The Overview Page for the Hive Warehouse Connector provides details and current limitations. The Configuration Page details the two modes described below. Note: fine-grained Ranger access controls are bypassed in the High-Performance Read Mode (i.e. LLAP / Cluster Mode).
from pyspark.sql import SparkSession
from pyspark_llap import HiveWarehouseSession
spark = SparkSession\
.builder\
.appName("PythonSQL-Client")\
.master("local[*]")\
.config("spark.yarn.access.hadoopFileSystems","s3a:///[STORAGE_LOCATION]")\
.config("spark.hadoop.yarn.resourcemanager.principal", "[Your_User]")\
.config("spark.sql.hive.hiveserver2.jdbc.url", "[VIRTUAL_WAREHOUSE_HS2_JDBC_URL];user=[Your_User];password=[Your_Workload_Password]")\
.config("spark.datasource.hive.warehouse.read.via.llap", "false")\
.config("spark.datasource.hive.warehouse.read.jdbc.mode", "client")\
.config("spark.datasource.hive.warehouse.metastoreUri", "[Hive_Metastore_Uris]")\
.config("spark.datasource.hive.warehouse.load.staging.dir", "/tmp")\
//No longer necessary .config("spark.jars", "[HWC_Jar_Location]")\
.getOrCreate()
hive = HiveWarehouseSession.session(spark).build()
Note: LLAP / Cluster Mode doesn't require the HiveWarehouseSession, though you are free to use it for consistency between the modes.
from pyspark.sql import SparkSession
from pyspark_llap import HiveWarehouseSession
spark = SparkSession\
.builder\
.appName("PythonSQL-Cluster")\
.master("local[*]")\
.config("spark.yarn.access.hadoopFileSystems","s3a:///[STORAGE_LOCATION]")\
.config("spark.hadoop.yarn.resourcemanager.principal", "[Your_User]")\
.config("spark.sql.hive.hiveserver2.jdbc.url", "[VIRTUAL_WAREHOUSE_HS2_JDBC_URL];user=[Your_User];password=[Your_Workload_Password]")\
.config("spark.datasource.hive.warehouse.read.via.llap", "true")\
.config("spark.datasource.hive.warehouse.read.jdbc.mode", "cluster")\
.config("spark.datasource.hive.warehouse.metastoreUri", "[Hive_Metastore_Uris]")\
.config("spark.datasource.hive.warehouse.load.staging.dir", "/tmp")\
//No longer necessary .config("spark.jars", "[HWC_Jar_Location]")\
.config("spark.sql.hive.hwc.execution.mode", "spark")\
.config("spark.sql.extensions", "com.qubole.spark.hiveacid.HiveAcidAutoConvertExtension")\
.getOrCreate()
hive = HiveWarehouseSession.session(spark).build()
Add your Spark SQL...
from pyspark.sql.types import *
#This table has column masking and row level filters in Ranger. The below query, using the HWC, has the policies applied.

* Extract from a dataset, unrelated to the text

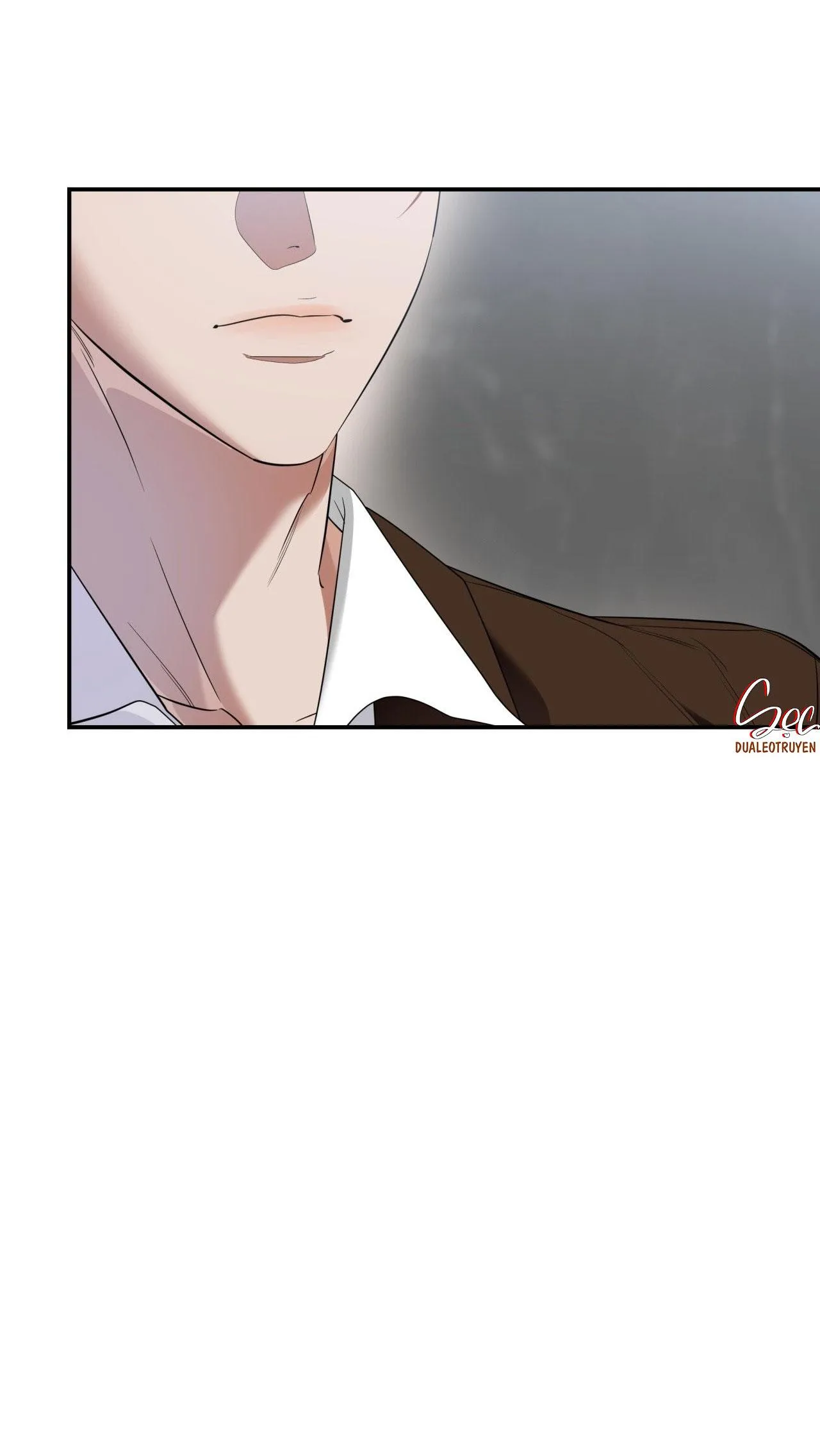 LỆNH CỨU RỖI Chapter 86 Trang 12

hive.sql("select * from masking.customers").show()
#This query, using plain spark sql, will not have the column masking or row level filter policies applied.
spark.sql("select * from masking.customers").show()
from pyspark.sql.types import *
#This table has column masking and row level filters in Ranger. Neither are applied in the below due to LLAP/Cluster Mode High Performance Reads
hive.sql("select * from masking.customers").show()
spark.sql("select * from masking.customers").show()